Glenna Dean, the state archaeologist, isn't one of them.
If New Mexico's Pueblo Indians didn't have beer 800 to 1,000 years ago, then people in the area would be missing something common to other American Indians who lived in surrounding areas like Arizona and Mexico, she said.
"I was puzzled by this certainty by archaeologists that people from Spain had brought the first fermentation to New Mexico," Dean said. "Given that just about any liquid that you can think of will ferment by itself if you lay it out for a while — it's amazing to think this wouldn't happen here."
But even though the idea seems obvious, Dean still needs to prove it.
So she forced together an odd mix of the distant past and the most advanced areas of modern technology and hit up Sandia National Laboratories for some help.
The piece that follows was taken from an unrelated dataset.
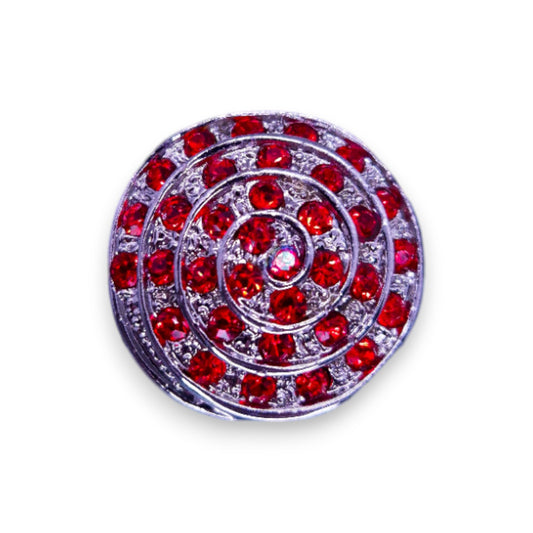 Silver Tone Red Stones Statement Ring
Sandia has a technology that can see what sort of organic materials — like the products of fermentation — are present on a surface.
The technology heats the surface, turns the substances into a gas and then reads the unique signature of the materials in that gas, said Ted Borek, a researcher.
"Those kinds of tests are vital to Sandia's mission, although that's about all I can say about it," Borek said.
When Dean approached Borek, the big question was, could the technology see that sort of evidence on ancient pots that were shattered and buried hundreds of years ago?
"I didn't think it would work," Borek said bluntly.
But it did.
And so far, the evidence looks promising, both said.
To test the idea, Dean looked to her favorite home brewer — her husband — to help figure out how Pueblo Indians might have made fermented beverages.
Their grain of choice would have been corn, which was the most common food at the time, so the substance most likely was some sort of corn beer, Dean said.
The Tarahumara Indians in Mexico still make a type of corn beer that would likely be similar, so Dean made several varieties of their recipe — some using wild yeast in the air and some using her husband's brewer's yeast — and put the concoctions into clay pots like the Pueblo Indians used.
As part of the experiment, she also got to try a bunch of her invented corn beers, she added.
"Most didn't taste particularly good," she said with a laugh. "Although the last one I made with beer yeast, it smelled and tasted like weak beer. It wasn't bad at all."
After removing her various concoctions, she brought the pots to Borek's lab so he could test them and compare them with samples of potsherds dug from ancient Pueblo Indian sites.
"We got a whole bunch of data back from all those pots, but basically they all gave the same results — all the ancient and modern ones showed evidence of fermentation," Dean said.
She also tested a different substance where the corn mixture was cooked first and then left out. That one did not show evidence of fermentation — indicating that the material in the ancient pots was purposely fermented, she said.
The Pueblo Indians might not have used the fermented substance as a drug, like beer or wine. They might have used it as a food source, she said.
"When you sprout corn, like you do in the brewing process, it increases its nutrition," Dean said. "And when you ferment it, it increases the nutrition even more. So it might not have been used as a beverage."
Cheese, yogurt, miso and pickles are all also fermented, and aren't used as intoxicating substances, she added.
For Borek, the experiment has been a true learning experience about the history of beer, he said.
"When we saw evidence on these 1,000-year-old pots it was cool — it was one of those live-for-science type moments," Borek said. "It was very interesting that the technology worked on something that old."
The work was paid for by a $10,000 New Mexico Small Business Assistance Program grant from Sandia to Dean's company, Archaeobotanical Services Inc. Her company analyzes archaeological information about ancient plants, although this project wasn't done for a paying customer — it was done because she was curious, Dean said.
And the work isn't finished. Dean and Borek plan to run tests on several more pots during the rest of December, and then Dean plans to analyze the data and hopefully publish a paper by next summer, she said.
"We just wanted to find out if we could do this — and we could," Dean said. "It's fascinating."